**WORK TO COMPLETE:**
Pictures stay out of the copy. Transcribe exactly, and only, the line with "Close up of" through the last line of the entries below.

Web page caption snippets

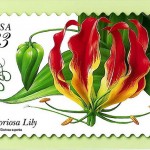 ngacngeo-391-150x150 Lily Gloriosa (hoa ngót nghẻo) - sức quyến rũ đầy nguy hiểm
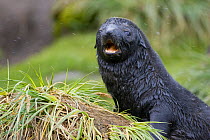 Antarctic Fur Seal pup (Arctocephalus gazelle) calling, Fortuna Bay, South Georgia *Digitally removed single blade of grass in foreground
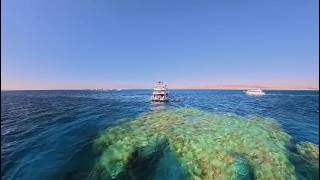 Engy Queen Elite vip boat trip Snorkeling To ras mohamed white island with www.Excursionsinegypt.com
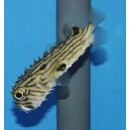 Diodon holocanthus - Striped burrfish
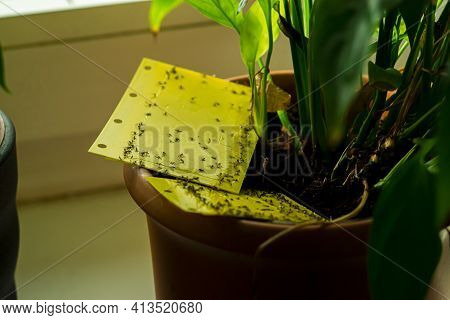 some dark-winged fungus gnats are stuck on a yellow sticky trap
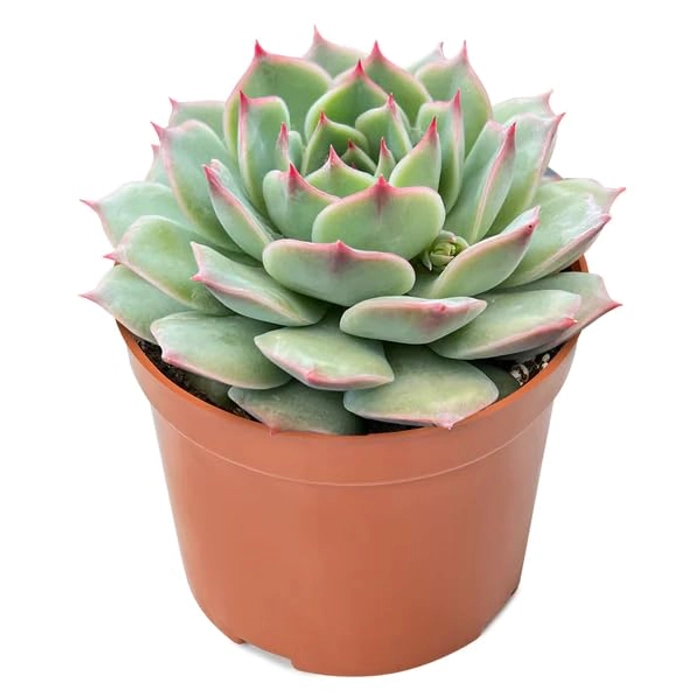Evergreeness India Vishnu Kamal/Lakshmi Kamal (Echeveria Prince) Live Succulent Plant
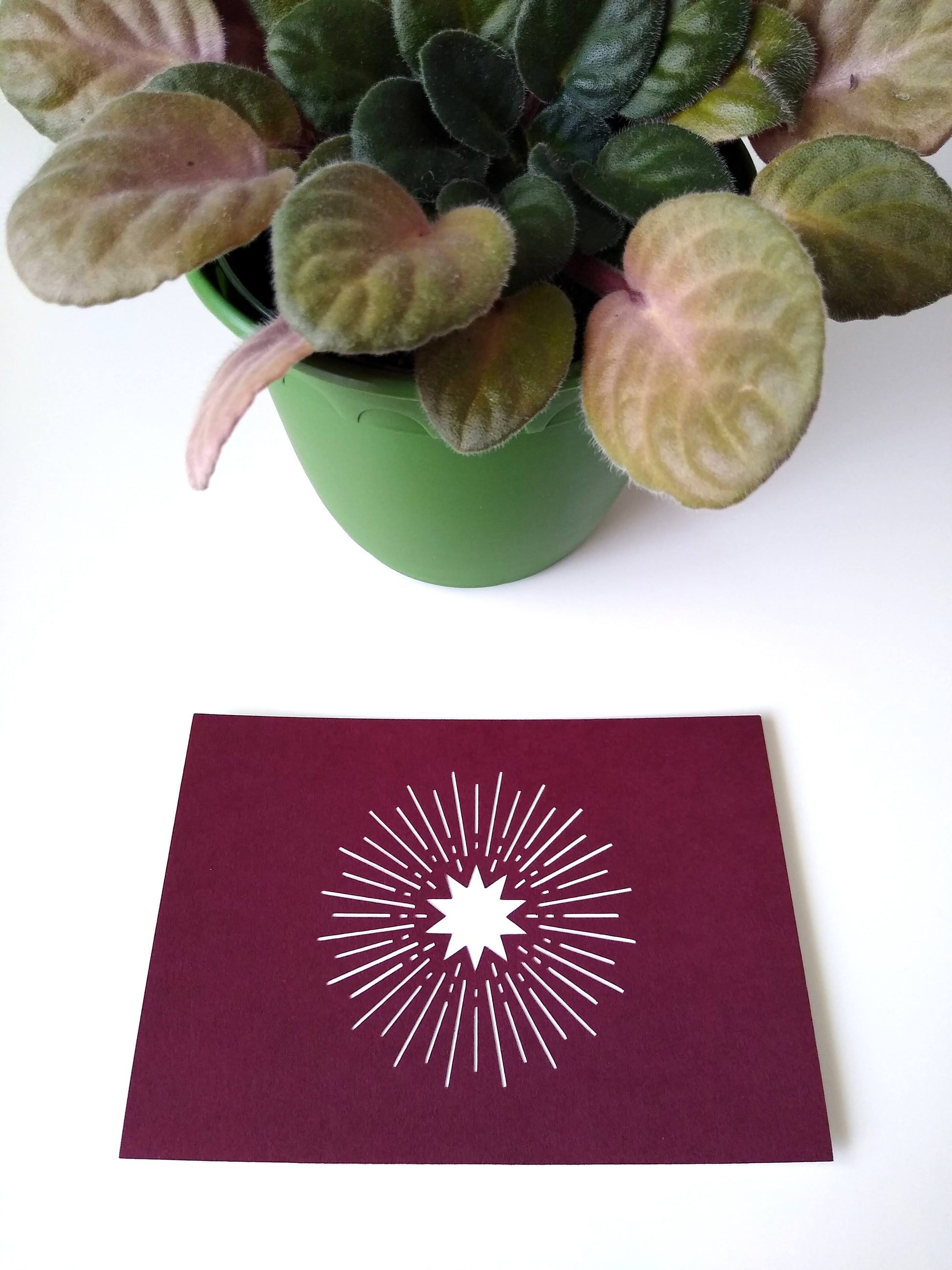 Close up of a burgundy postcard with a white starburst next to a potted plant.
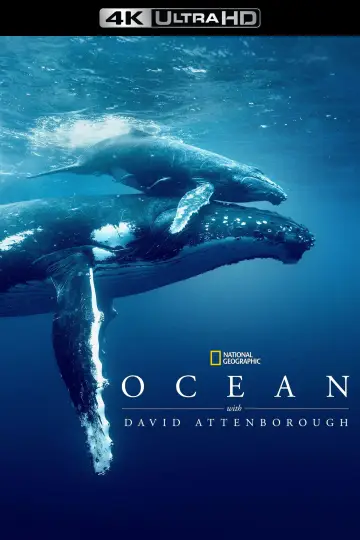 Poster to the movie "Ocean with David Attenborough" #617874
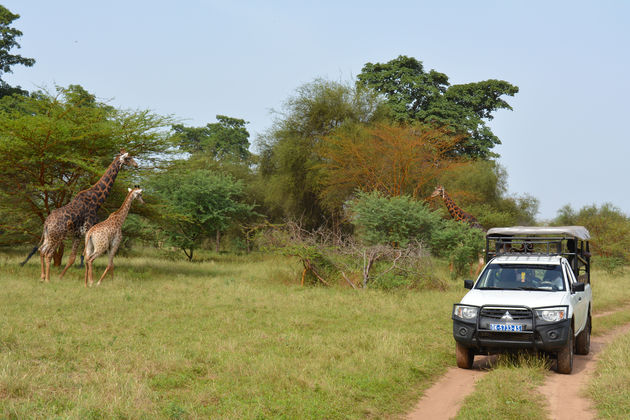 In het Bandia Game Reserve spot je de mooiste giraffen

**RESPONSE TO THE TASK:**
 Close up of a burgundy postcard with a white starburst next to a potted plant.
 Poster to the movie "Ocean with David Attenborough" #617874
 In het Bandia Game Reserve spot je de mooiste giraffen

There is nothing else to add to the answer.